• NOTE: This post is based on my original blog entry.

With all my trips to Japan ever being awesome, and my last trip there being especially awesome, this trip had to live up to three prior trips of pancaking layers of awesome-ness. The trip was actually a bit last-minute. I had already taken a vacation this year to Beijing. Which was meh, but nevertheless a vacation. My cousin Cindy, who I’d kept in touch with since our trip back in 2007 and one of only a handful of cousins who was fluent in English (she was raised in New Zealand), messaged me saying that she would be studying in Kyoto for a year. And since we’d had a prior chat about how I loved Japan, she said I should come visit. I thought about this for approximately a millisecond, then said “yes” and proceeded to book tickets and hotels.
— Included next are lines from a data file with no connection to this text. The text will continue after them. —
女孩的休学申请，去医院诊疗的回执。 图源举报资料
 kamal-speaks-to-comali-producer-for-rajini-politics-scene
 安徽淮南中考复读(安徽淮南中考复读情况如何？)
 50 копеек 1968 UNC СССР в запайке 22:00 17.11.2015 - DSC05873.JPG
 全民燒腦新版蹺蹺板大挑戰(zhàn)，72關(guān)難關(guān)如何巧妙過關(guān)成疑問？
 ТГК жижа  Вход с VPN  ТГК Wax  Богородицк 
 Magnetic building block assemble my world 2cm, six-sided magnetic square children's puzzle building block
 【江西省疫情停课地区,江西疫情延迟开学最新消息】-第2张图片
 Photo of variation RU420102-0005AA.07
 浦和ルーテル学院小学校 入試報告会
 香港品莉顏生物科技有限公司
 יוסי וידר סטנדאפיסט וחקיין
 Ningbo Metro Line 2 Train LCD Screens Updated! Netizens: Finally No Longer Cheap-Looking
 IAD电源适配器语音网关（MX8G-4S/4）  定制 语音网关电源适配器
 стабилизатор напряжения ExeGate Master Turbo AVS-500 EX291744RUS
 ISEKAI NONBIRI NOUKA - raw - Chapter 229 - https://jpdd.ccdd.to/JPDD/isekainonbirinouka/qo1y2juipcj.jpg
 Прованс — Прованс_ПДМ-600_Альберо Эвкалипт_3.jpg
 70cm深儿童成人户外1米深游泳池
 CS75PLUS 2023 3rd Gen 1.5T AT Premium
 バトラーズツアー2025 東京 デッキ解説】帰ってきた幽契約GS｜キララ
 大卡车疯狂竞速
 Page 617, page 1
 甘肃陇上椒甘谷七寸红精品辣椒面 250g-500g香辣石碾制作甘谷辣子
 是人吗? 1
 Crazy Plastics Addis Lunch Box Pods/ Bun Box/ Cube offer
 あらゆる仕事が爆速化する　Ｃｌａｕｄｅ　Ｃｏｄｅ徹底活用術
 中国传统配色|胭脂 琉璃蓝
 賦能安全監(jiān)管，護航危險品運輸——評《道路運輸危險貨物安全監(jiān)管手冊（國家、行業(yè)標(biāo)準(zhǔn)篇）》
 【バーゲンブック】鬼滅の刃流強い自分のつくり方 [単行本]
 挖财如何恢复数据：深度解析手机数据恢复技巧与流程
Word got around my office that I was off to (another) vacation in Japan, so the Director of Communications asked me if I wanted to do a presentation of my vacation when I got back. I figured sure, why not? A week or so before I flew out, I had a thought though. Slideshow presentations are stale and boring, and I hate making boring presentations. So I thought I’d make a time-lapse video while I was there. I’d always wanted to make one, and it seemed like a nice evolutionary step from my usual photos.


Day 1 – Kyoto
Christmas Day
My method of getting to Kyoto was, in hindsight, stupid. Instead of landing in Tokyo and hopping a Shinkansen to Kyoto, I decided instead to take a connecting flight to Osaka, then a bus ride to Kyoto. With the layover time, bus ride, etc; not only did it cost more, but also took longer. Derp. So I arrived Christmas Day late in the evening. My cousin had been waiting for me at my hotel, the Granvia in Kyoto station. I remembered walking past it every day during our summer program in college thinking “man, that is a nice hotel.” And here I was twelve years later staying there. Progress! Speaking of which, while I’d been to Tokyo numerous times in the past years, I hadn’t actually been to Kyoto since 1999. It was late, so my cousin asked if I wanted to join her dorm’s Christmas festivities. We trekked up to her campus (way far north) and met her schoolmates from around the world. We went to karaoke nearby afterwards, and then I taxi’d it back to the hotel.


Day 2
My first full day in Kyoto. It snowed in the morning as I roamed the massive Kyoto Station, taking photos and starting my little time-lapse project. It was a good thing I gave myself a small project while I was there, as my cousin still had classes during the day. I wandered about the cavernous station, looking for old and familiar sites (as many things had changed as had stayed the same), then wandering northbound into central Kyoto. Amongst the sites I took time-lapses of included Hongan-ji, Pontocho, and Teramachi near Shijo and Kawaramachi. I specifically remembered the Shijo Kawaramachi area, so that was nice. I met up with my cousin later in the evening, and we decided on Ippudo ramen for dinner. Which is hilarious because there’s an Ippudo in NYC, though you’d have to wait an hour to get in so I don’t go. We wandered about afterwards around I don’t know where, because I didn’t take any pictures.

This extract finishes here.